Professeur honoraire de la Faculté des sciences de l’UNIGE et récipiendaire de nombreuses distinctions internationales, Nicolas Gisin est un pionnier de la cryptographie quantique, discipline qui utilise les lois de la nature pour établir une communication en envoyant le message photon par photon, garantissant une confidentialité et une sécurité totales. En 2003, ses recherches étaient citées parmi les dix technologies du futur par le Massachusetts Institute of Technology (MIT). En mai dernier, le spécialiste figurait parmi les 40 personnalités à faire leur entrée dans le Larousse édition 2022, et il est le seul Suisse à bénéficier de ce privilège pour cette édition.
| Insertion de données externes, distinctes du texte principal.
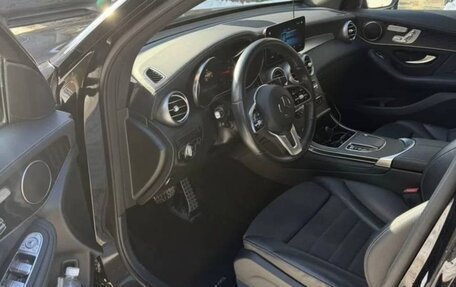 Mercedes-Benz GLC Coupe, 2021 год, 5 300 000 рублей, 3 фотография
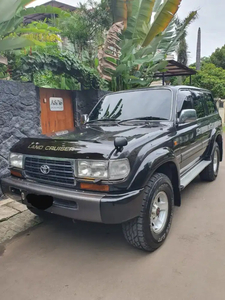 Toyota Land Cruiser 1998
Le 9 décembre prochain, pour sa leçon d’adieu, Nicolas Gisin se penchera sur les trois erreurs commises par Albert Einstein, dont les découvertes influencent encore nos vies, que cela soit à travers notre perception de l’espace-temps ou de la gravitation. Comme tout génie, Einstein s’est parfois trompé et ses erreurs mettent en lumière les défis que présentent des recherches pionnières, à l’instar de celles menées par Nicolas Gisin. Rétrospective.

 

La cryptographie, autrement dit l’art de coder des messages, a une longue et fascinante histoire qui remonte à l’Antiquité. Cette histoire est entrée de plain-pied dans l’ère des technologies quantiques. Les propriétés déroutantes et contre-intuitives de la physique quantique permettent en effet de mettre au point un processus assurant une confidentialité, une authenticité et une intégrité parfaites aux messages transmis entre deux personnes. Si l’Université de Genève joue un rôle de leader mondial dans la recherche en matière de cryptographie quantique, c’est en grande partie grâce aux travaux de Nicolas Gisin.

Les débuts

C’est le physicien britannique Artur Ekert qui, le premier, décrit concrètement, dans la revue Physical Review Letters du 5 août 1991, ce à quoi pourrait ressembler une expérience de cryptographie quantique. L’idée reste d’abord confinée à une petite communauté de spécialistes mais elle parvient assez rapidement aux oreilles de Nicolas Gisin. Sa réaction ne se fait pas attendre. «En lisant les quelques articles traitant de ce sujet, je me suis dit que j’avais les connaissances nécessaires et tout ce qu’il fallait dans mon laboratoire pour réaliser une expérience de cryptographie quantique», se rappelle-t-il. Il en fait rapidement un axe de sa recherche. Le profil du chercheur genevois est unique à cette époque. Il possède en effet une formation en physique quantique ainsi qu’une expérience de cinq ans dans l’industrie des télécommunications qui lui a permis de se familiariser avec le maniement des fibres optiques et les effets de polarisation de la lumière qui les traverse. Il dispose également dans son laboratoire de détecteurs de photons capables de mesurer ces grains de lumière individuellement. Des appareils achetés avant tout par fascination, sans savoir exactement à qui ils pourraient servir. C’est grâce à eux qu’il bricole l’une des premières démonstrations expérimentales de cryptographie quantique.

Clé de cryptage

L’équipe qu’il dirige parvient en effet à transmettre un embryon de clé de cryptage – celle qui sert à coder des messages – à travers 1 kilomètre de fibre optique, comme elle l’expose dans un article paru dans la revue Europhysics Letters du 20 août 1993. Protégée par les lois de la physique quantique et basée sur la polarisation de photons (particules de lumière) qui sont transmis l’un après l’autre, cette clé est parfaitement aléatoire et confidentielle. Ces résultats font connaître l’équipe genevoise dans le monde de la physique internationale. Nicolas Gisin et ses collègues cherchent ensuite à perfectionner le système. Elles/ils changent alors de fibres optiques, choisissent celles qui sont exploitées par Swisscom (alors Télécoms PTT) et développent des détecteurs de photons uniques adaptés à ces nouvelles longueurs d’onde. Cette évolution leur permet de sortir la cryptographie quantique du laboratoire. Une première expérience de transmission de clé quantique dans des fibres industrielles, rapportée par la revue Nature du 30 novembre 1995, est réalisée sur 23 kilomètres, entre Genève et Nyon en passant sous le lac. La communication quantique entre dans le monde réel.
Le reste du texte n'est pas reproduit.